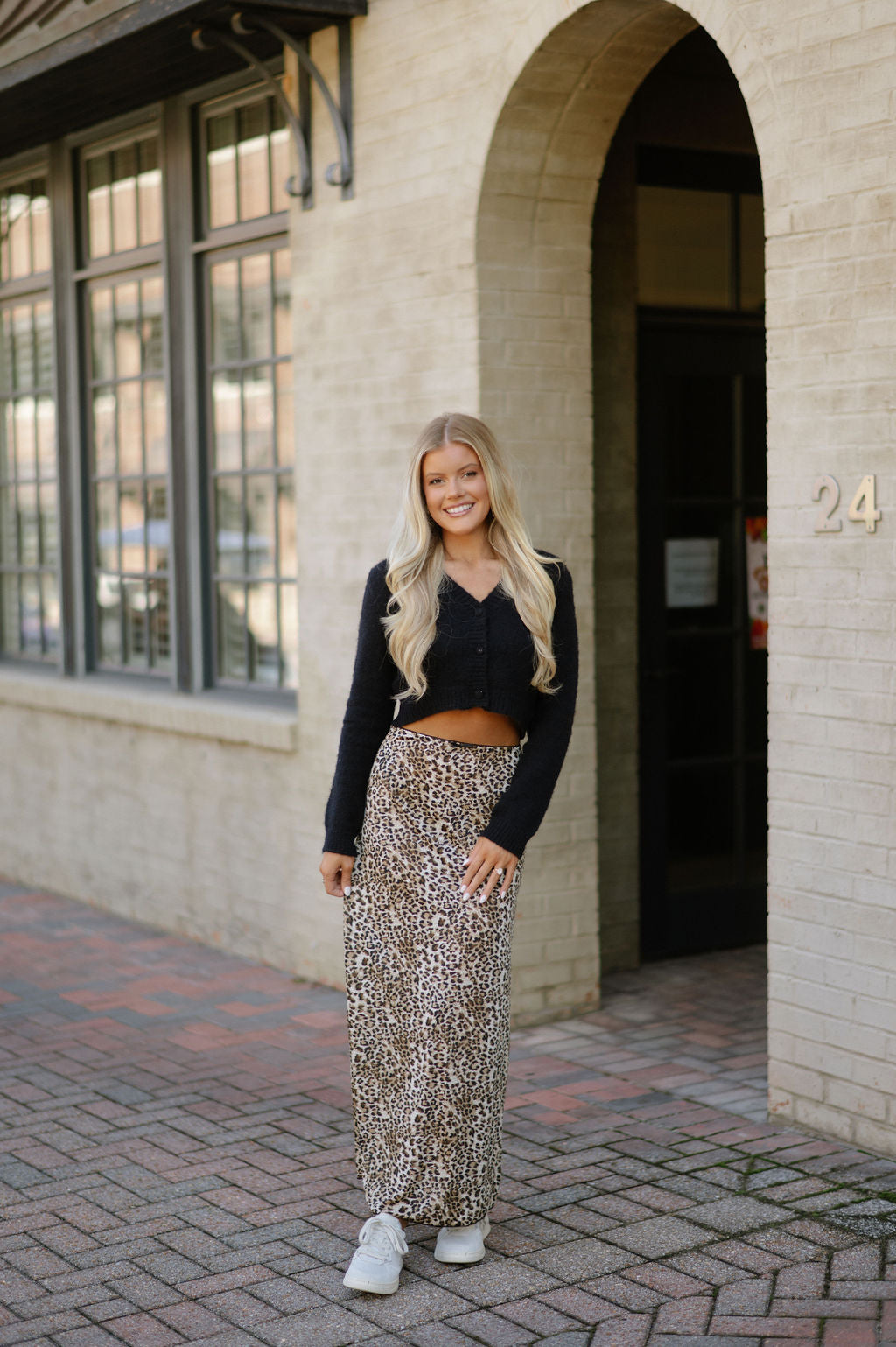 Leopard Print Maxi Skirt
...
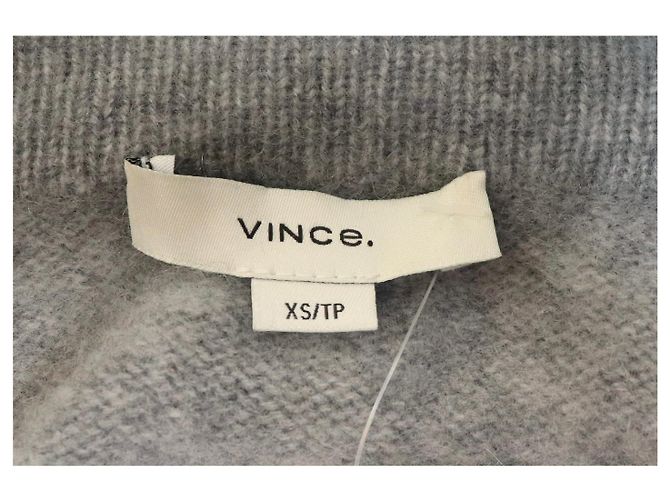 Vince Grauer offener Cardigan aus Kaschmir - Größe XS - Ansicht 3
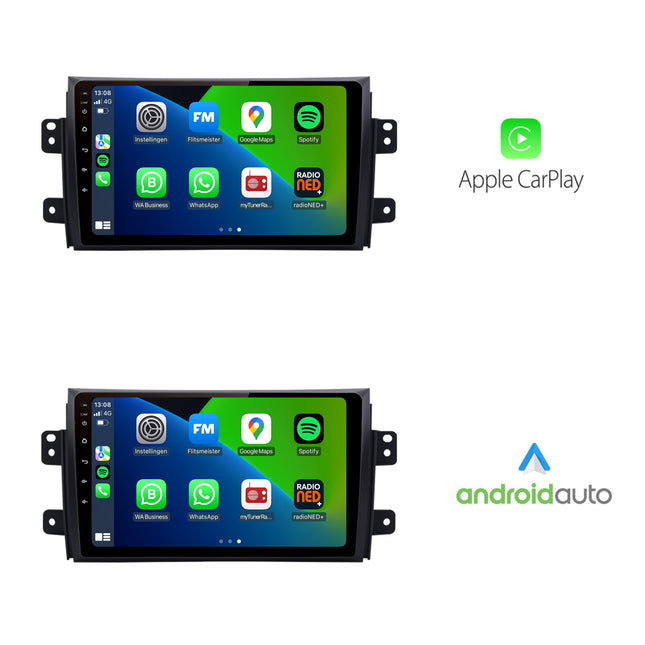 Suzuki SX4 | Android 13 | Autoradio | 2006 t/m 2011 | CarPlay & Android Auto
--
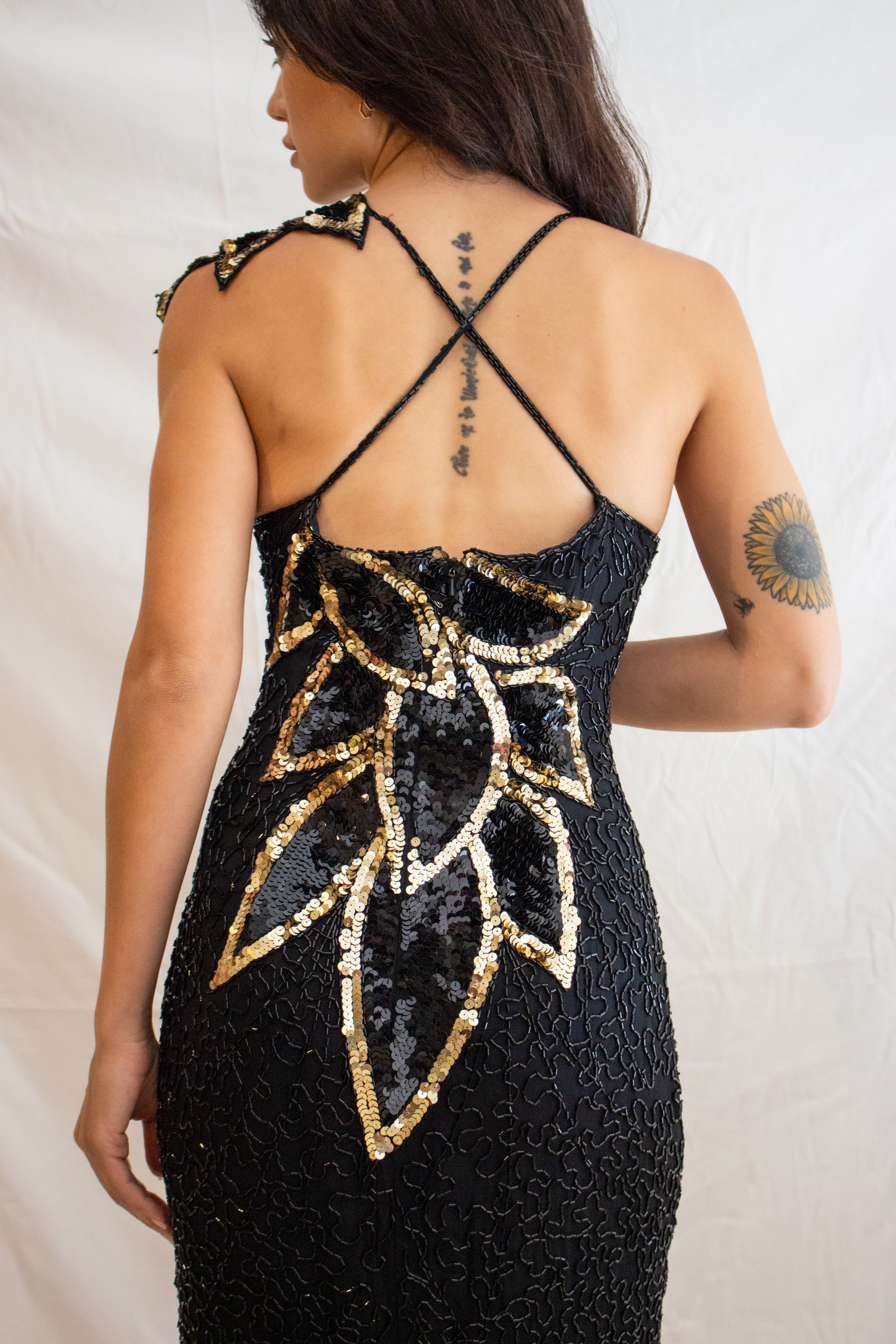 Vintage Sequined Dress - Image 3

● Your goal
Without the pictures, give again exactly the lines above starting at the line containing "Vince Grauer offener" and ending at the line containing "Suzuki SX4 |".

● Answer for this exercise
 Vince Grauer offener Cardigan aus Kaschmir - Größe XS - Ansicht 3
 Suzuki SX4 | Android 13 | Autoradio | 2006 t/m 2011 | CarPlay & Android Auto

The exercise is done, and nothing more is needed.